Trump’s plan to exploit a partisan discrepancy in voting methods (with Democrats being more likely to cast mail-in ballots that are counted last in some key swing states) has long been clear: Over and over, the president has insinuated that he will declare himself the winner on Election Night if he is leading in partial returns — and then fight in court to halt the counting of further ballots. What is new, however, is the president and his advisers openly copping to this strategy. Further, in his remarks Monday, Trump didn’t just baselessly assert that mail ballots were rife with fraud; he also made the less factually problematic — but more openly anti-democratic — argument that last-minute mail ballots shouldn’t be counted because procrastinators don’t deserve to have their voices heard, saying, “If people wanted to get their ballots in, they should have gotten their ballots in long before that.”

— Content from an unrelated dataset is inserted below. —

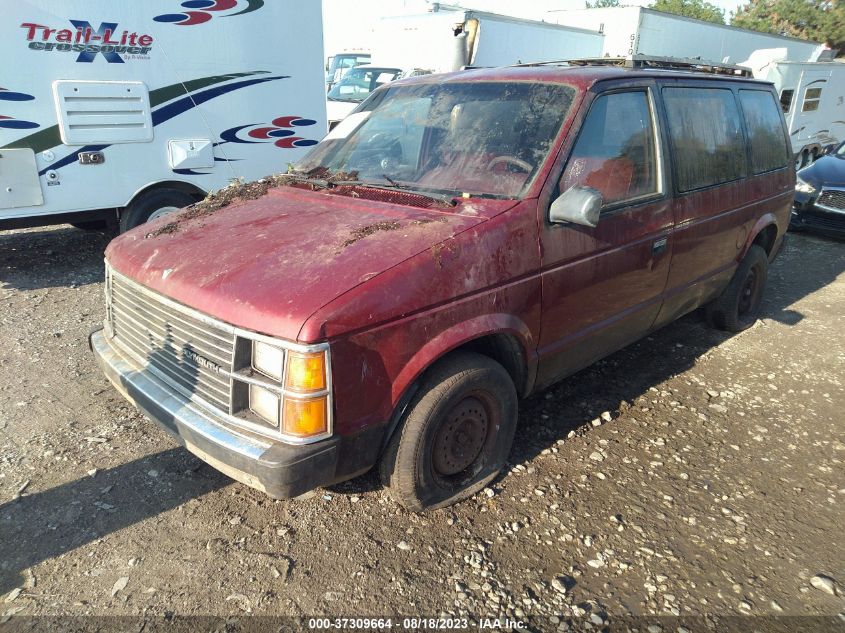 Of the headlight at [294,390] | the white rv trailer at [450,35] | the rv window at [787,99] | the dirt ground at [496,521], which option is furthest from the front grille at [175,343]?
the rv window at [787,99]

Finally, on Friday, a bevy of trucks bearing Trump flags surrounded a Biden-Harris campaign bus in Texas Friday, with one vehicle pulling in front of the bus and then stopping in the middle of the highway, apparently trying to force the bus to halt, or pull off to the side of the road. This led the Biden campaign to cancel two events out of fear of political violence. The FBI has opened an investigation into the incident.
According to a new USA Today–Suffolk University Poll, three-fourths of Americans are worried about violence on Election Day. In surveys of which candidate the public trusts to better handle public safety, Biden has consistently held the advantage, with many voters apparently buying the Democratic nominee’s argument that Trump fans the flames of division and unrest.
And yet, on Sunday night, Trump said of those who nearly forced a Democratic campaign bus off the road in Texas, “In my opinion, these patriots did nothing wrong. Instead, the FBI & Justice should be investigating the terrorists, anarchists, and agitators of ANTIFA, who run around burning down our Democrat run cities and hurting our people!”
This is not the message you broadcast if you are trying to expand your minority coalition. No sane political strategist would advise a candidate to close by emphasizing his opposition to democracy, support for political violence targeting his rivals, and contempt for popular public-health officials. The fact that Trump’s advisers have told reporters that they intend to lie to the American public on Election Night — and then block the counting of votes thereafter — is even more puzzling. Perhaps they are trying to undermine the plan by discussing it on record; or perhaps they simply have no more impulse control than the president, and just felt like gabbing. Either way, to the extent that there is any strategy behind Trump’s statements, it is a strategy for retaining power through political violence and judicial malfeasance, not one for winning a free and fair election.